Le plan d’investissement quinquennal 2015-2019 est lui aussi dans la même configuration, avec des chiffres sans relation avec le réel. Il prévoit un programme d’investissements publics de 280 milliards de dollars, soit une moyenne de 56 milliards de dollars par an. Là encore, les critiques concernent la capacité du pays à absorber ces investissements, à les rentabiliser, à éviter les gaspillages et les détournements, et à l’impunité dont bénéficient leurs promoteurs et leurs gestionnaires.

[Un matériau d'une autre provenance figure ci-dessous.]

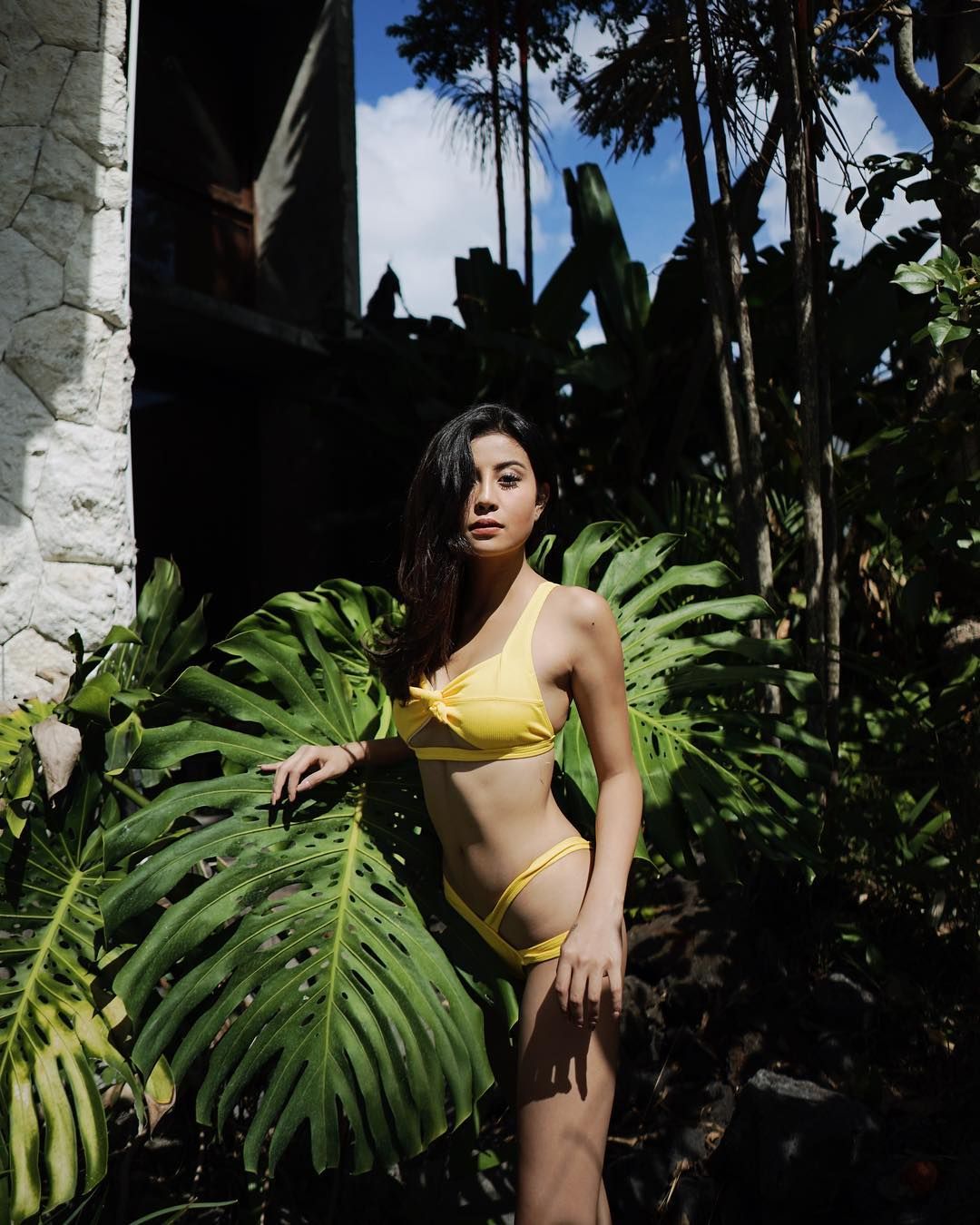 5 Foto Seksi Anya Geraldine Pakai 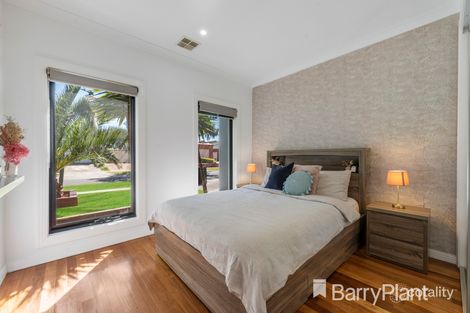 34 Sirius Way, Kurunjang, VIC 3337
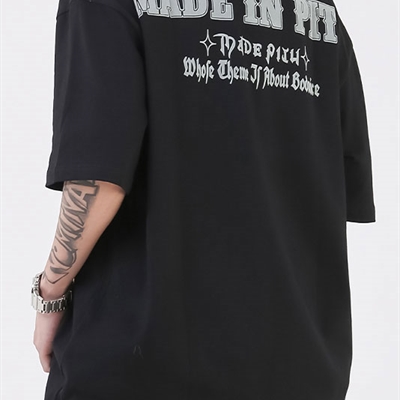 市场上装-T恤-电商T恤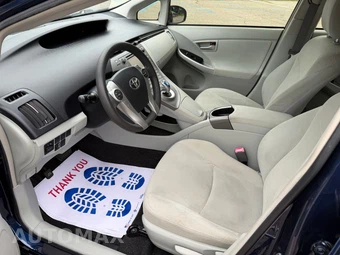 2012 Toyota Prius Two - miniatura 13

L’ancien ministre de l’Energie Chakib Khelil avait géré des dizaines de milliards de dollars, avec des niveaux de corruption insoupçonnés, mais il a pu quitter tranquillement l’Algérie. M. Amar Ghoul est toujours au gouvernement alors que l’autoroute est-ouest, qui devait être achevée en 2009, est toujours en travaux sur certains tronçons.

Ces grands chantiers entrainent aussi une hémorragie de devises, le recours aux entreprises étrangères étant devenu systématique dans les projets d’une certaine envergure.

Hémorragie de devises

Ces chiffres cachent en fait le véritable mal de l’économie algérienne : le faible niveau de l’investissement des entreprises, particulièrement dans l’industrie, qui représente moins de cinq pour cent du PIB. Publiques ou privées, les entreprises algériennes, à quelques très rares exceptions près, ont une faible envergure, un niveau de gestion médiocre, et ne peuvent servir de locomotive pour relancer l’industrie.

Même avec un taux de croissance à deux chiffres, il faudrait six à sept ans pour doubler le volume de la production industrielle. Seule une dynamique exceptionnelle, sur au moins une décennie, et s’appuyant sur une arrivée massive d’entreprises étrangères, pourrait ouvrir de vraies perspectives.

Le ministre de l’industrie a choisi une autre formule,  qui va déboucher sur une nouvelle perte de temps : réorganiser les entreprises en les regroupant. Les managers, souvent des bureaucrates sans envergure, qui n’ont pu consommer que 18% des financements offerts par l’Etat, ne pourront faire mieux avec des entreprises encore plus grandes. Ils reproduiront les mêmes mécanismes de gestion, qui vont générer les mêmes déficits. Jusqu’à l’arrivée d’un nouveau ministre.

L’agriculture et ses approximations

Un dirigeant syndical, proche de Abdelmadjid Sidi-Saïd, a exprimé le désarroi de l’UGTA face à cette situation. « On n’arrive plus à suivre », a reconnu Amar Takdjout, président de la fédération textiles et cuir de l’UGTA. Le secteur du textile a absorbé à lui seul deux milliards de dollars entre assainissement et différentes aides pour relancer l’investissement, mais il n’assure que cinq pour cent de la consommation nationale.

Ces approximations constituent, par ailleurs, une tradition bien ancrée dans le secteur de l’agriculture. M. Abdelouahab Nouri, ministre en poste, vient d’annoncer une hausse de la production agricole de 13.7%. Pourtant, la production de la pomme de terre a baissé, comme le montre la flambée du produit sur le marché, alors que la production de céréales chutait de 30%, selon l’aveu même du ministre.